2 - Limits inherent to the number of available learning data :

Some of the regions of interest, e.g. Canada and Central Asia, have in total less than 20 glaciers used in this study, which is an extremely low percentage of the number of glaciers that they truly host.

This in my opinion strongly impedes the (spatial) generalization capability of the GBR models learned on these data, to the region of interest as a whole. Although this is not what the authors do in the paper, this is what the title suggests while mentioning the world's glaciers. I would strongly recommend to modify this misleading title, as the developed technique is in practice not applied to derive precipitation data over any glacier of the world, but is limited to (i) the regions of interest and (ii) the few glaciers with data in these regions..

On top of the low sampling level for application of machine learning techniques in general, there may be furthermore a strong sampling bias in the glaciers data from WGMS, for instance towards large glaciers in the European Alps, so that the representativity of the glaciers with data w/r to the regions of interest is questionable. It follows that it is hard to know whether models or conclusions inferred solely based on these very few glaciers, are representative of the region as a whole.

I very much would like the authors to comment on this.

"The good performance of the GBRs in terms of bias suggests that they can be used for SWE estimates over glaciers where no ground observations are available (site-independent GBRs)". Despite being better than the benchmark, the performance of site-independant GBR models is limited (Fig 9) and decreases when data of neighbouring glaciers are excluded

from the training. Considering that, and the likely sampling biases of WGMS data, I think the authors could revise this sentence.

3 - Trends :

In my opinion the derivation of trends based on the GBR modelled precipitation, should be accompanied with sensitivity tests to ascertain the robustness and uncertainties of this method. Typically, data-withdrawal techniques could be used on the longest time-series to evaluate the robustness/uncertainty of the trends derived when missing data are encountered. The distribution of the data gaps within the time-series (= for instance one missing season every two year, vs 20 years with data and nothing for the following 20 years) may also play a role, and it would be good to have an insight into this and possibly only derive trends for glaciers with a sufficient number data (seasons). The strong limitation of temporal extrapolation for some glaciers is highlighted l 350-l355, hence making a derivation of trends on these glaciers meaningless.

MINOR COMMENTS

- the GBR consider as predictors both elevation differences between reanalysis pixel and glacier site, and downscaled variables like temperature, whereby the downscaling of temperature itself mostly relies on this altitude difference. Hence there is a high redundancy in the chosen predictors. Did you test suppressing the downscaled predictors ?
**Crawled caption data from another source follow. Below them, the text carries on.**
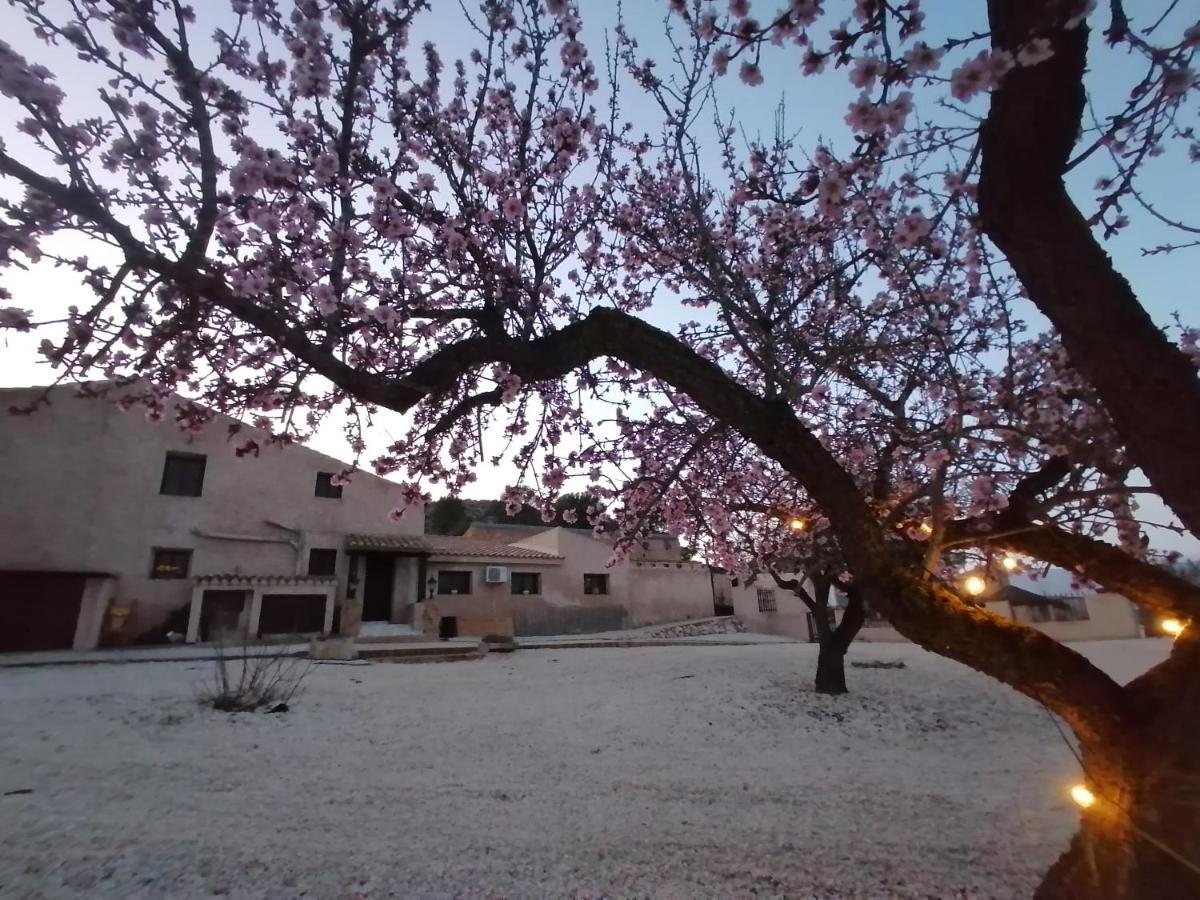 Finca Guillermo Murcia Canada del Trigo Екстер'єр фото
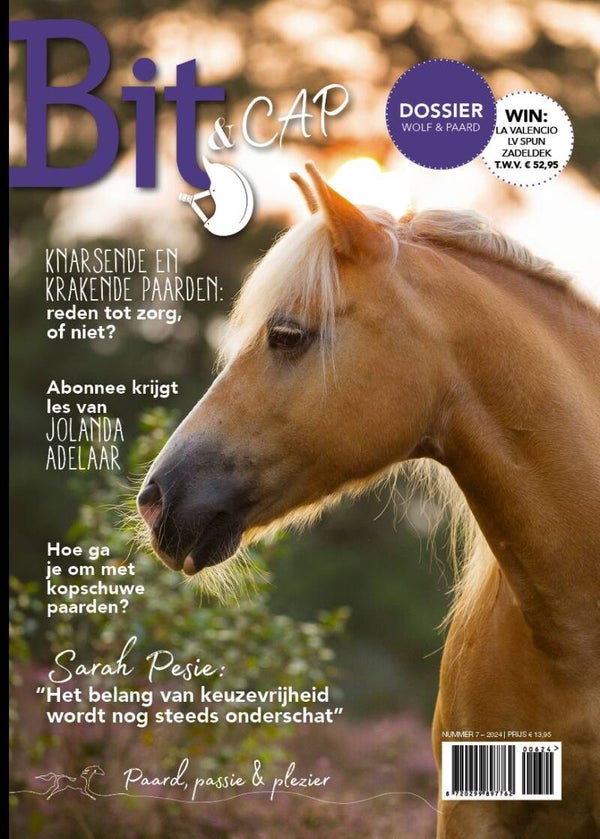 Bit & Cap juli 2024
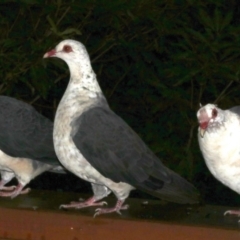 Columba leucomela (White-headed Pigeon) at Rosedale, NSW - 30 Mar 2019 by jbromilow50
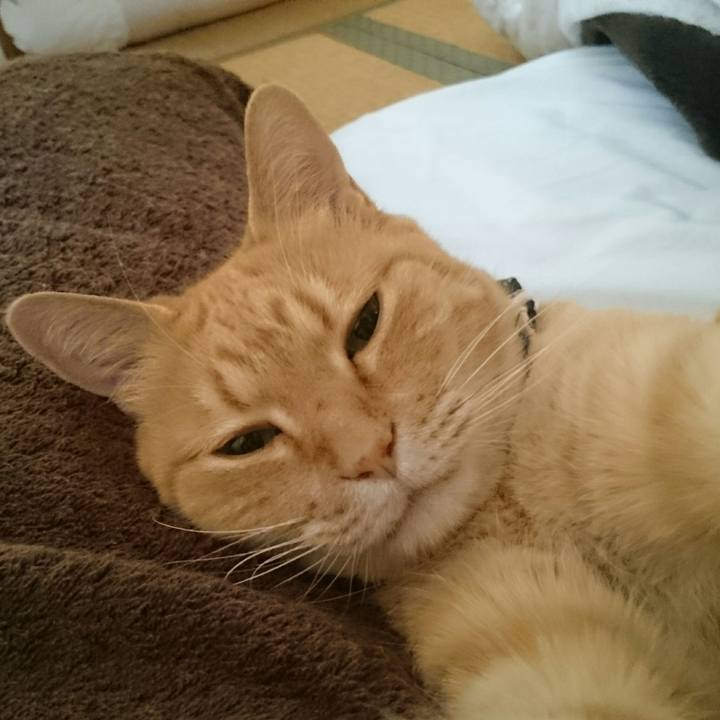 63dd0dd5 b3c7 4727 b358 7dcf90e47e5c 1525052899644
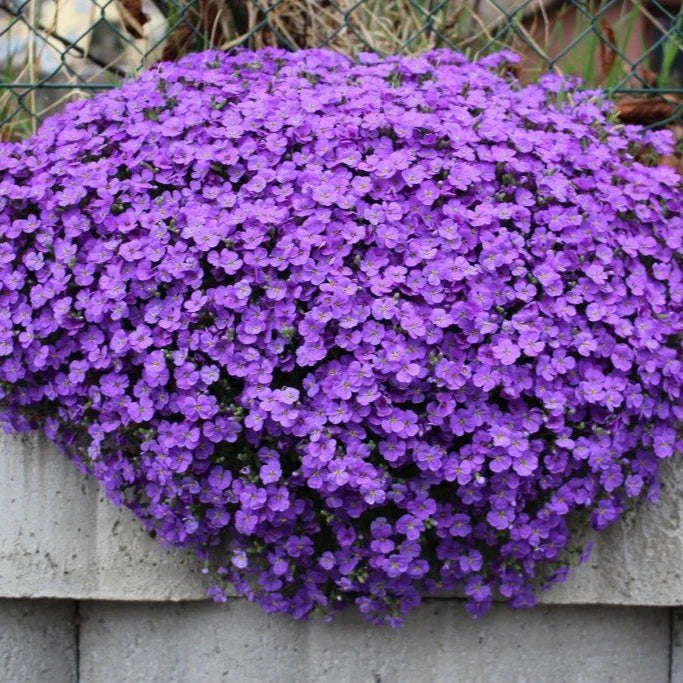 Lavender Aubrieta Cultorum Flower Seeds for Planting Fragrant Blossoms Heirloom & GMO Free Seeds for Home Garden
 
 Sale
- the predictors in the PCA figures (4 and 5) are often barely lisible. Fig 5 could maybe join the supplemental material.

- l 264-274 : could the different magnitude in factors relate to known biases / weaknesses of the reanalyses in representing different types of precipitation events ?
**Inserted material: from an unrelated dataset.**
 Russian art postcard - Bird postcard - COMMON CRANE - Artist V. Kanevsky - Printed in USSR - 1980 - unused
- l 311 : "their performance is worse than the site-independent models". It is not so clear for me why : could you please explain ?
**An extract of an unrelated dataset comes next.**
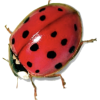 Ladybug - 自然 - 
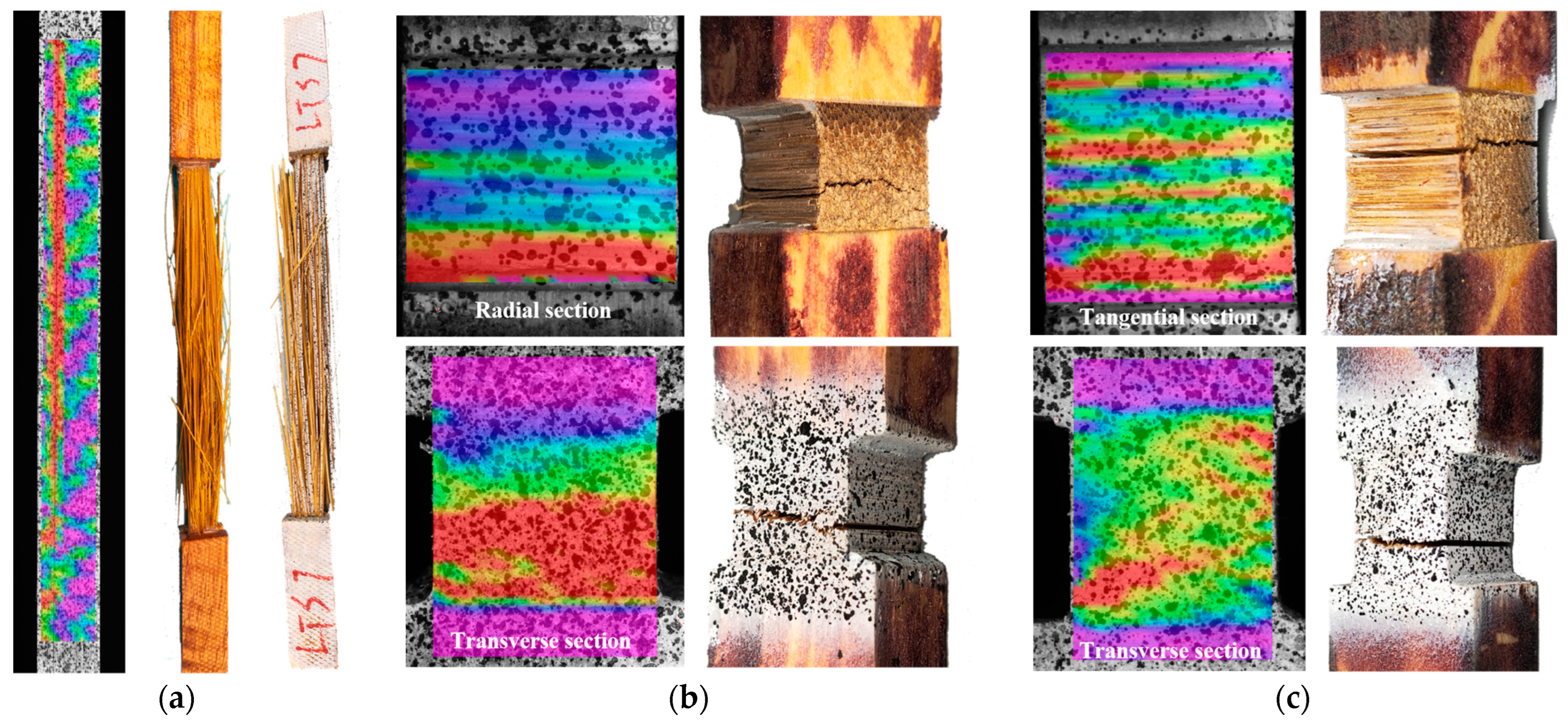 Forests 15 02017 g004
- l 448 : why were more topographic predictors used in the ERA-5 GBRs than in the MERRA-2 ones ?

- Fig 2 could join the Supplemental material

- Fig 6 : could the absolute biases also be mentioned ?

- Fig 7: a ranking of the glaciers with respect to altitude, or to the number of seasons with Bw_data, would enable to more efficiently support the analysis related to this figure, please consider this. The same applies to Fig 11.

- Tables 1 and 2 could join the supplemental material

- Section 5.2 : this recent literature could also be of interest : https://doi.org/10.5194/hess-24-5355-2020; https://doi.org/10.5194/essd-14-1707-2022 (update of Durand et al., 2009).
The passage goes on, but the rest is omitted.